§ Task to complete
The entries below contain a line with "Vedant Vastram Kurta" and a line with "BINI | I FEEL". Quote exactly those two lines and all lines between them.

§ Entries shown

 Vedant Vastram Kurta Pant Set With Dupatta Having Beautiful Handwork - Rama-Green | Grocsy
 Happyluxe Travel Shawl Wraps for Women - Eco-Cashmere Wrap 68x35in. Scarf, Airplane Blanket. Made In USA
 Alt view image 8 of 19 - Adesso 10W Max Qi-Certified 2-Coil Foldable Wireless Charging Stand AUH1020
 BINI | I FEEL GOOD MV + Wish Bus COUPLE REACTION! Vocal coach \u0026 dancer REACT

* * *

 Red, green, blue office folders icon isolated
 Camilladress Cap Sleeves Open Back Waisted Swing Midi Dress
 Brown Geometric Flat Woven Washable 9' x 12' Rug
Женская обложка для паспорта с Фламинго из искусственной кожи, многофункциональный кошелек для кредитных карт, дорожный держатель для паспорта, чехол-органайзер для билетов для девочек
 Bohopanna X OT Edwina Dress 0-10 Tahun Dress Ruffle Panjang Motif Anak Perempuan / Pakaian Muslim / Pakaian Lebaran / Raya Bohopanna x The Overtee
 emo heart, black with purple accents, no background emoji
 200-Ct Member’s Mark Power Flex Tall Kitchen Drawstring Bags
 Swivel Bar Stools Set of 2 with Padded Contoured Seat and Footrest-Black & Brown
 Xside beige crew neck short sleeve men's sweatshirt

---

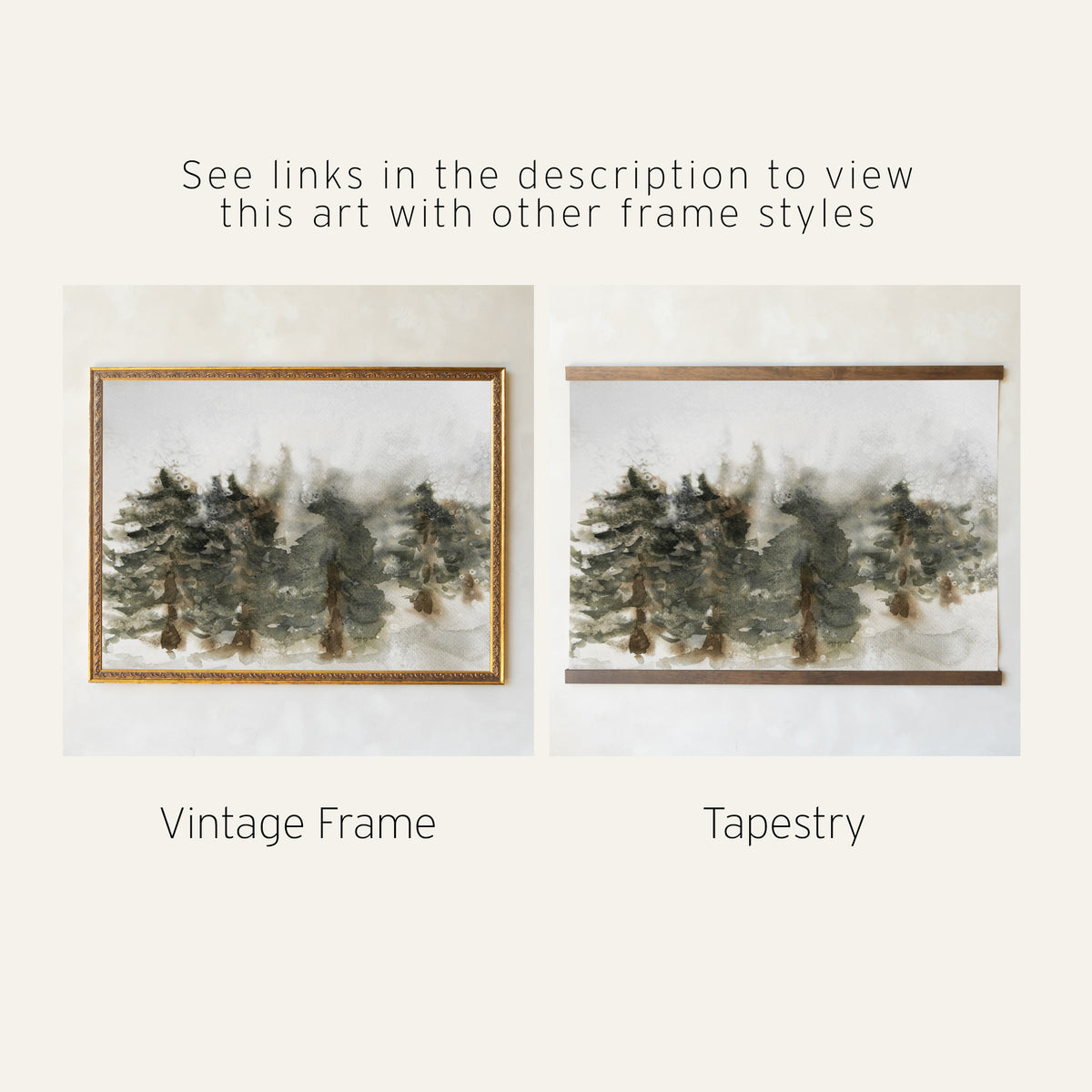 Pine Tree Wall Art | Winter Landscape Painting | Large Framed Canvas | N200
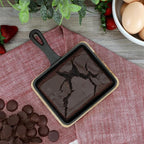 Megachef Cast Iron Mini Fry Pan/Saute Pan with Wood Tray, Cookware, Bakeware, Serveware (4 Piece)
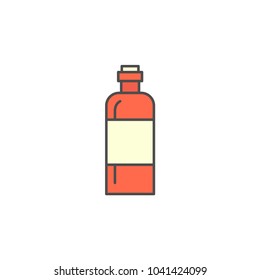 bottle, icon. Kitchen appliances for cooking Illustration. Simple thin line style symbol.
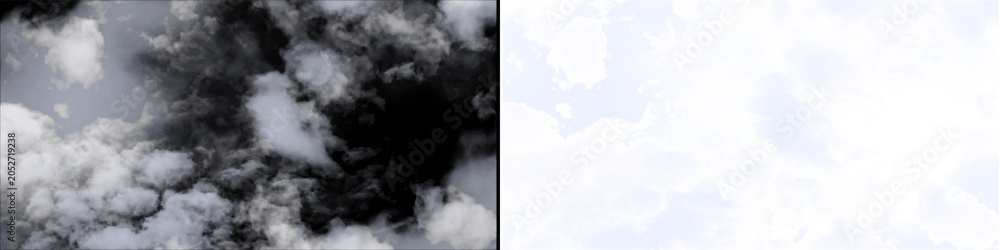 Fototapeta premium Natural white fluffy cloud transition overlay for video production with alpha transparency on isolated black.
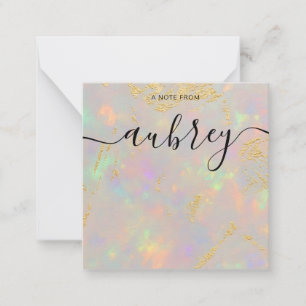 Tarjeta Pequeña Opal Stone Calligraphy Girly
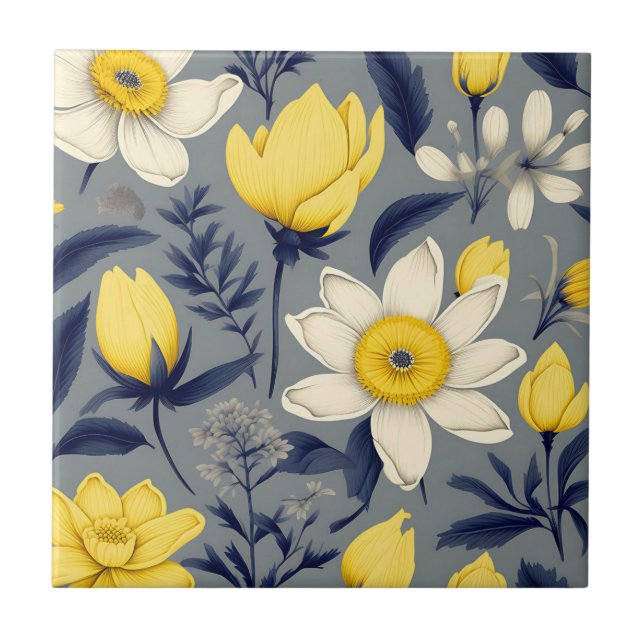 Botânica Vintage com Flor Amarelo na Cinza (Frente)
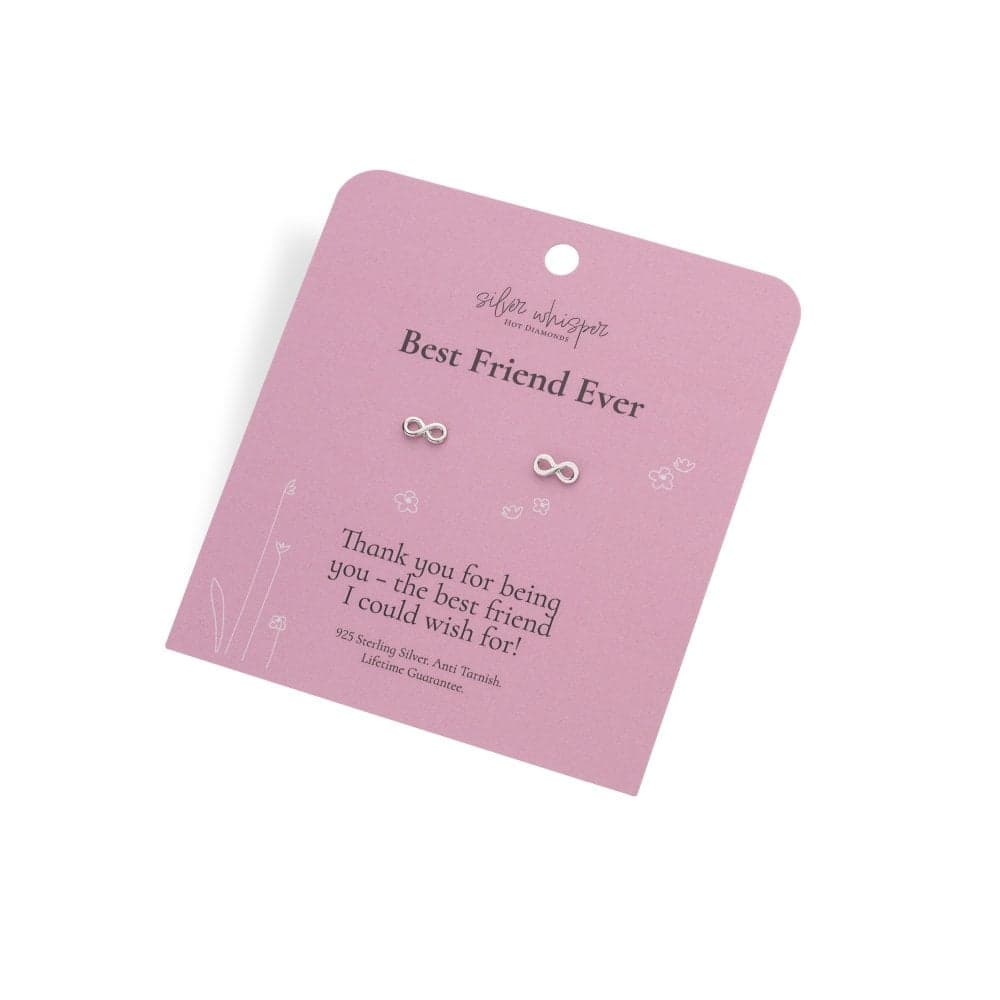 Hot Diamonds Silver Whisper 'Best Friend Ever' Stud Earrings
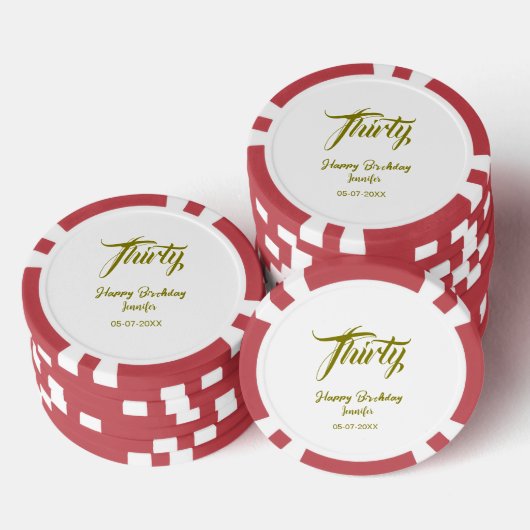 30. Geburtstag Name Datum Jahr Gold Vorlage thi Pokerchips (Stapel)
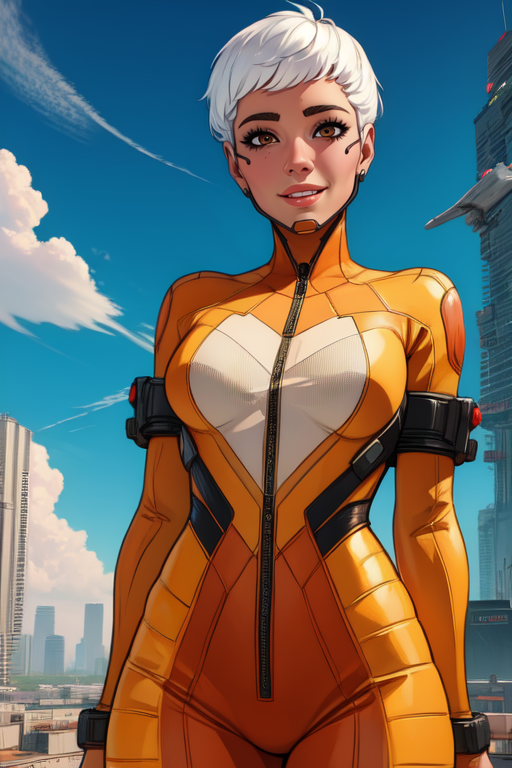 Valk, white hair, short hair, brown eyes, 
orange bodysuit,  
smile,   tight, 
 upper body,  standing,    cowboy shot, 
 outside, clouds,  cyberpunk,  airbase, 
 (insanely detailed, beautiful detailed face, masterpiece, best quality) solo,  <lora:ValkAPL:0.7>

§ Exercise answer
 Vedant Vastram Kurta Pant Set With Dupatta Having Beautiful Handwork - Rama-Green | Grocsy
 Happyluxe Travel Shawl Wraps for Women - Eco-Cashmere Wrap 68x35in. Scarf, Airplane Blanket. Made In USA
 Alt view image 8 of 19 - Adesso 10W Max Qi-Certified 2-Coil Foldable Wireless Charging Stand AUH1020
 BINI | I FEEL GOOD MV + Wish Bus COUPLE REACTION! Vocal coach \u0026 dancer REACT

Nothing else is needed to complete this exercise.